Write out the data exactly as given, dropping every picture.

╭─ Stored data

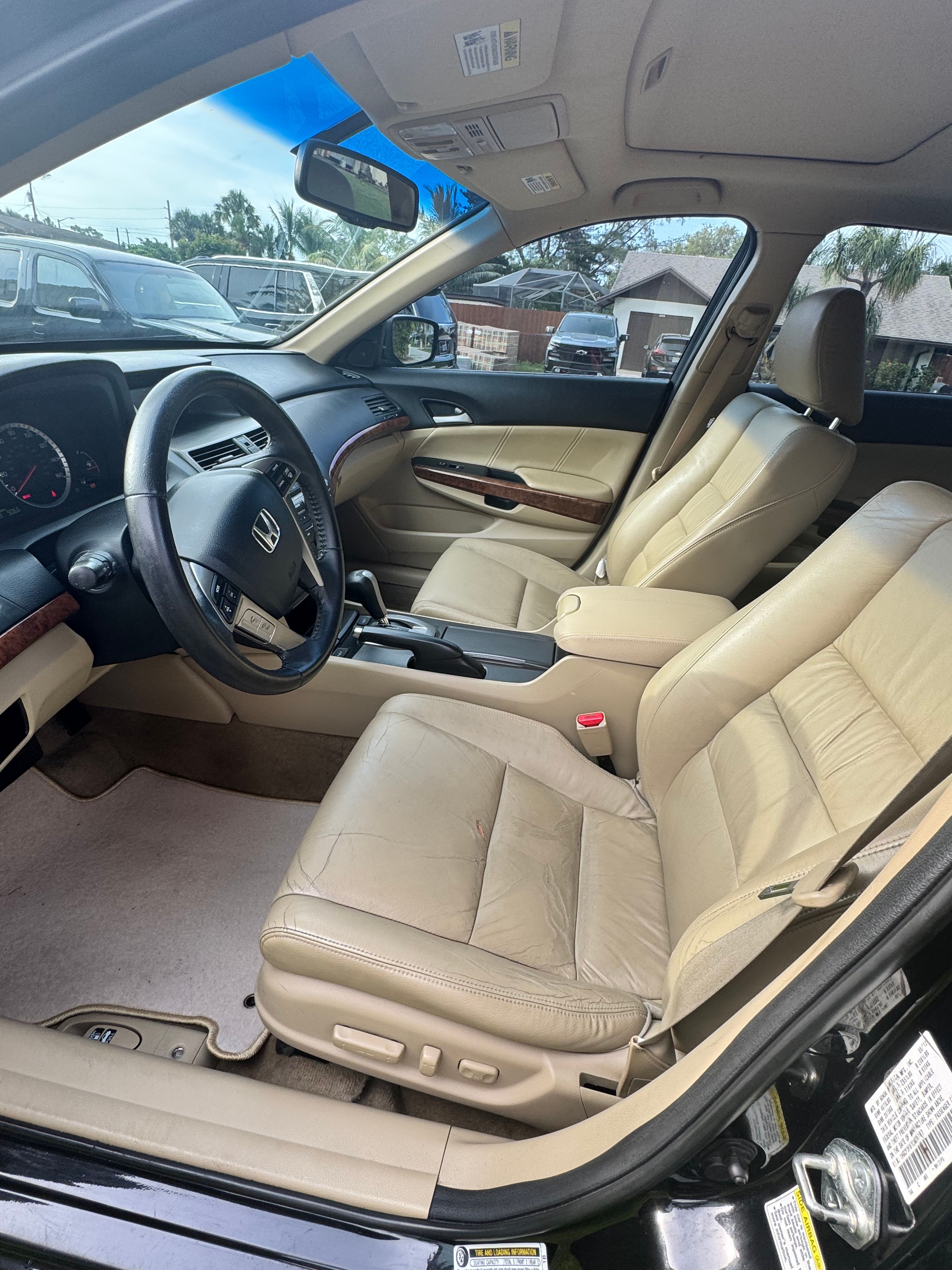 Used 2012 Honda Accord EX-L image 6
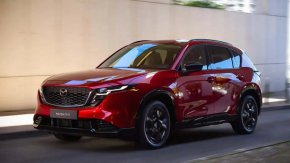 Най-добрият SUV на Mazda остава изгодна покупка и през 2026 г.
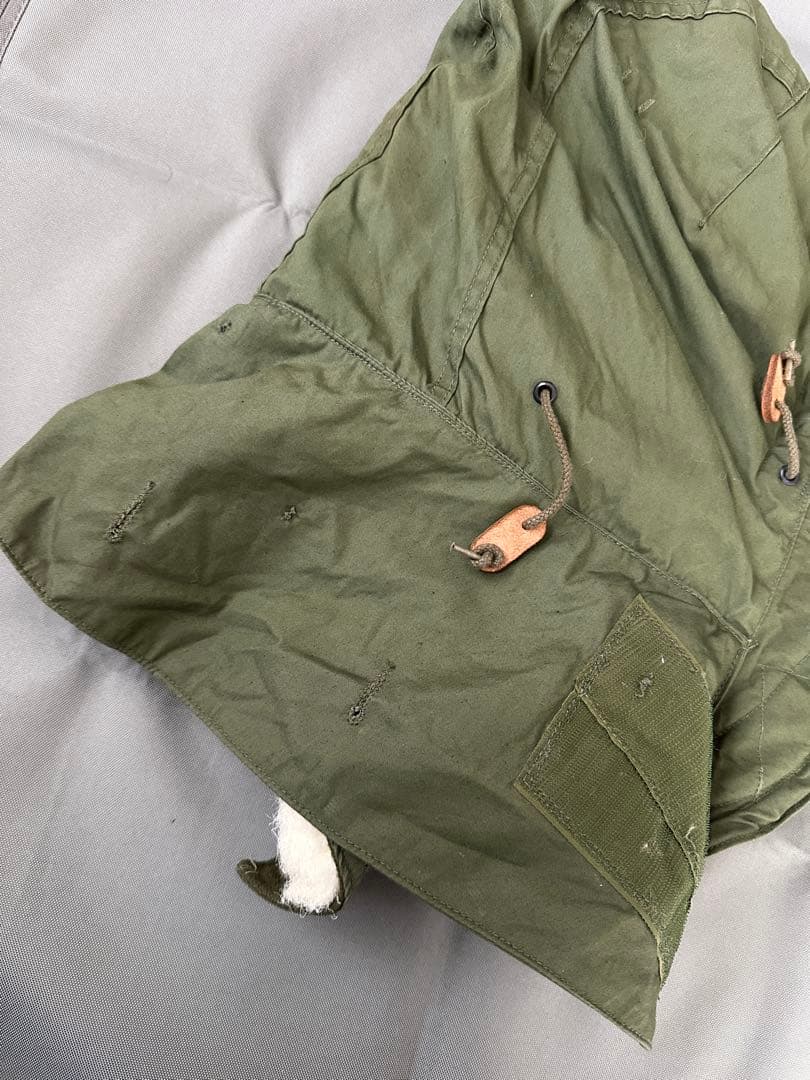 83年 パーカー用フード　アクリルファー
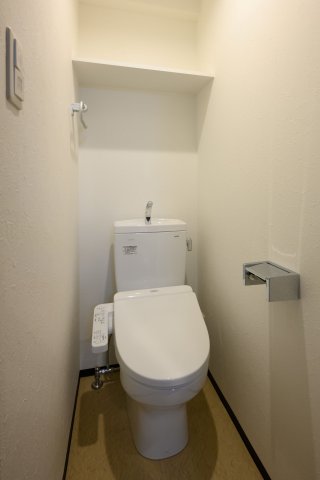 トイレ　綺麗なトイレにはウォシュレット標準装備です。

╰─

#### Task solution
 Used 2012 Honda Accord EX-L image 6
 Най-добрият SUV на Mazda остава изгодна покупка и през 2026 г.
 83年 パーカー用フード　アクリルファー
 トイレ　綺麗なトイレにはウォシュレット標準装備です。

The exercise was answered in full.